> _Assignment_:
Give the listing again exactly as written.

> _The input_:
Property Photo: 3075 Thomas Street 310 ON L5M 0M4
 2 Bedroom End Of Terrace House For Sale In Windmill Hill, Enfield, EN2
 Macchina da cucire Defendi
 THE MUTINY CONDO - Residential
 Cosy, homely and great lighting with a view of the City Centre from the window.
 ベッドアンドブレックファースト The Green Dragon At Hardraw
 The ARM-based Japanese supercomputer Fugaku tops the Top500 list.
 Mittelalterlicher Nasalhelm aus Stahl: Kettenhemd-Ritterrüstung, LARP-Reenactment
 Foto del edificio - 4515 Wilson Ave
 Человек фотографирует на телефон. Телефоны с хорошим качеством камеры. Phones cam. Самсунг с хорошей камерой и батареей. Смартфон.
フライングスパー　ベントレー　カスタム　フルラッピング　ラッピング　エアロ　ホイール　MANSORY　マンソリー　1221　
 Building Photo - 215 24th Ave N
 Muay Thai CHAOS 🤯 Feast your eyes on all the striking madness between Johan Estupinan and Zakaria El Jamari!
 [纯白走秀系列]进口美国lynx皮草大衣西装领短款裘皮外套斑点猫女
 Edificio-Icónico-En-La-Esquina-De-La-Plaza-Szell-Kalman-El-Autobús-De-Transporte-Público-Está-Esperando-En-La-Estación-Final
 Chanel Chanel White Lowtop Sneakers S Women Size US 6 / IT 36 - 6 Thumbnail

> _Result of this task_:
Property Photo: 3075 Thomas Street 310 ON L5M 0M4
 2 Bedroom End Of Terrace House For Sale In Windmill Hill, Enfield, EN2
 Macchina da cucire Defendi
 THE MUTINY CONDO - Residential
 Cosy, homely and great lighting with a view of the City Centre from the window.
 ベッドアンドブレックファースト The Green Dragon At Hardraw
 The ARM-based Japanese supercomputer Fugaku tops the Top500 list.
 Mittelalterlicher Nasalhelm aus Stahl: Kettenhemd-Ritterrüstung, LARP-Reenactment
 Foto del edificio - 4515 Wilson Ave
 Человек фотографирует на телефон. Телефоны с хорошим качеством камеры. Phones cam. Самсунг с хорошей камерой и батареей. Смартфон.
フライングスパー　ベントレー　カスタム　フルラッピング　ラッピング　エアロ　ホイール　MANSORY　マンソリー　1221　
 Building Photo - 215 24th Ave N
 Muay Thai CHAOS 🤯 Feast your eyes on all the striking madness between Johan Estupinan and Zakaria El Jamari!
 [纯白走秀系列]进口美国lynx皮草大衣西装领短款裘皮外套斑点猫女
 Edificio-Icónico-En-La-Esquina-De-La-Plaza-Szell-Kalman-El-Autobús-De-Transporte-Público-Está-Esperando-En-La-Estación-Final
 Chanel Chanel White Lowtop Sneakers S Women Size US 6 / IT 36 - 6 Thumbnail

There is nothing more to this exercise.